En efecto, continuando con el «antiguo» Código (por más que estuviera en vigor hasta hace pocos años) no se negaban los funerales religiosos a aquellos suicidas de los que sólo la familia conocía la causa de la muerte: al quedar limitado el alcance del escándalo, la Iglesia permitía las exequias religiosas, ratificando de este modo que su rechazo a los otros infortunados se debía a la responsabilidad de proteger al rebaño de fieles (pero no sólo a éstos) de influencias perniciosas más que a la pretensión de adelantarse al juicio de Dios. Todos debían enterarse de que si cedían a esa nefasta tentación no habrían podido entrar de cuerpo presente en la iglesia para recibir un funeral cristiano.

Hoy, como señala el ya citado Amerio, hemos llegado hasta este punto: «Se ha convertido en una costumbre loar al suicida en la homilía de la misa fúnebre. En una ocasión, tras quitarse la vida un joven de unos veinte años, el rector del instituto religioso que lo había tenido como alumno agradeció en el funeral al suicida por el bien que había diseminado a su alrededor y le pidió excusas ¡por las culpas que tenían en ese gesto los que le sobrevivían!

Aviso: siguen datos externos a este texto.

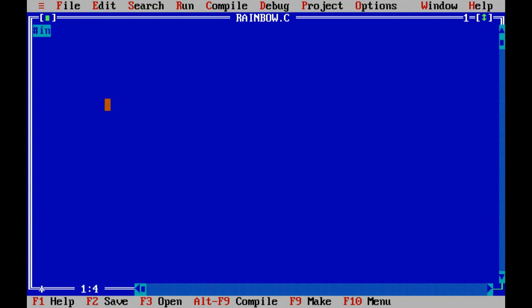First open Turbo C slash C++ onto your PC. Now start programming and apply the header files into start of the program.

Esto es una disolución de la responsabilidad personal dentro de los pecados de la sociedad, es decir, el pecado no individual sino de los demás.»

El arzobispo de Praga, durante la celebración del funeral por Jan Palak (que se inmoló vivo en Praga en protesta por la invasión rusa de 1968) declaró: «Admiro el heroísmo de estos hombres, aunque no puedo aprobar su gesto.» El investigador suizo comenta al respecto: «Al cardenal se le escapaba el matiz de que heroísmo y desesperación -o sea, ausencia de fortaleza- no van unidos.»

Todo ello no afecta en lo más mínimo -resulta superfluo recordarlo- la gran compasión hacia quien cede a la desesperación y que (Dios no lo quiera) puede abatirnos también a nosotros. Tampoco impide creer que son numerosos los casos en los que la libertad, la capacidad de discernimiento y la voluntad se ven gravemente disminuidas en el suicida, cuya verdadera responsabilidad sólo Dios conoce. Si a nadie nos está permitido juzgar, a todos se nos demanda silencio y oración.

Pero hay un género de «piedad» que se asemeja a la del médico que se niega a denunciar un caso de enfermedad infecciosa para que se aísle al afectado como medida de protección general. La Iglesia nunca había querido ceder a este tipo de «pietismo», aun a costa de parecer dura a ojos de quienes no comprenden que la defensa del ser humano, de su vida y de toda la sociedad estaba detrás de algunas disposiciones por dolorosas que fueran. Éstas se parecen a ciertas medicinas cuya acritud puede resultar beneficiosa.